Since The Bookseller first interviewed O’Leary, about her debut The Flatshare in 2019, she has penned five books and sold over 500,000 copies for more than £3m through Nielsen BookScan, becoming a household name for heartfelt romantic comedies. While Swept Away contains the essential “O’Learyness” of all her novels – humour, lashings of romance and a sense of home – it stands out as her most ambitious work to date, combining a love story with an epic fight for survival.

The story follows Lexi and Zeke – full name Ezekiel – who meet at The Anchor, the only pub in the northern English town of Gilmouth, where the pair strike a deal. What follows is a playful prelude to a one-night stand aboard The Merry Dormouse, a houseboat docked in the marina. When they wake the next day, finding themselves afloat in the middle of the sea, a heated night quickly becomes a life-threatening adventure.

O’Leary manages to punctuate the book’s moments of gut-wrenching fear, injury, food rationing, flooding and desperation with levity. At one point, attempting to forget their bleak situation, Lexi and Zeke use the last of his phone battery to blast out Disney music, specifically – and to my delight – the Moana and Frozen soundtracks.

But the odds are stacked against them and, as the days elapse without sign of rescue, the pair shift between intense panic and reflection. When caught in these moments of quietude, they reach a profound understanding of each other – what makes them feel alive, who and what matters most to them and what they will do, hopefully, on their return. Set almost entirely on a houseboat, Swept Away is a cinematic and occasionally brutal story that pitches the grim desperation of survival against a deep, maturing love.

When the idea came to me, I remember thinking: ‘That’s an amazing idea, but I can’t do that. I won’t be able to
pull that off.’

The novel’s premise has been percolating in O’Leary’s mind for years. Speaking to me over video call from her writing shed that is being beset with chunks of hail, she explains: “When it came to me, I remember thinking: ‘That’s an amazing idea, but I can’t do that. That’s just so hard. I won’t be able to pull that off.’ I was only a couple of books in, and I didn’t have the confidence.”

But then “lots of things shifted” – O’Leary wrote The Road Trip and The No-Show, both of which “really challenged” her as a writer, and she became a mother. “All those things came together and suddenly I felt like I had the courage” to write the “boat book”.

One of the key relationships in the novel is Lexi’s bond with Mae, the daughter of her best friend Penny, who she has helped raise since birth. Adrift at sea, Lexi yearns to be reunited with Mae, and her longing comes to anchor the relationship with Zeke. “There’s nothing I won’t do to get you back to Mae,” Zeke tells Lexi after five days at sea.

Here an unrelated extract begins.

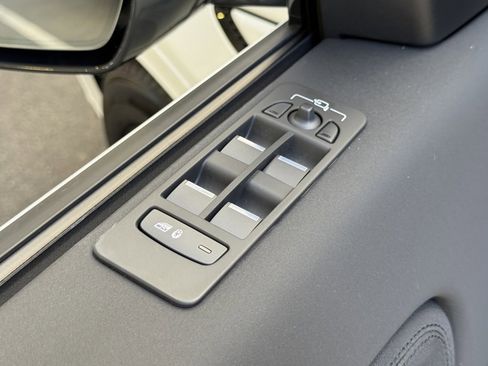 New 2025 Land Rover Discovery Sport S image 12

Beth O'Leary © Holly Bobbins Photography
Beth O'Leary © Holly Bobbins Photography

“The tale of someone being lost at sea is really, in a lot of ways, a tale of early motherhood,” explains O’Leary; the story was inspired partly by the author’s own experience of becoming a mother. “I felt a little bit amazed at myself. I tend to think I’m not great at coping with challenge. That’s something that I am trying to ‘unsay’ about myself because I looked at what I was doing and was like: ‘Oh my god. You actually are doing this, and you can do hard things.’ It helped me become more grounded in myself and a little steadier on my feet. Having that challenge thrown at me and being able to run with it made me feel a lot more confident in other parts of my life too.”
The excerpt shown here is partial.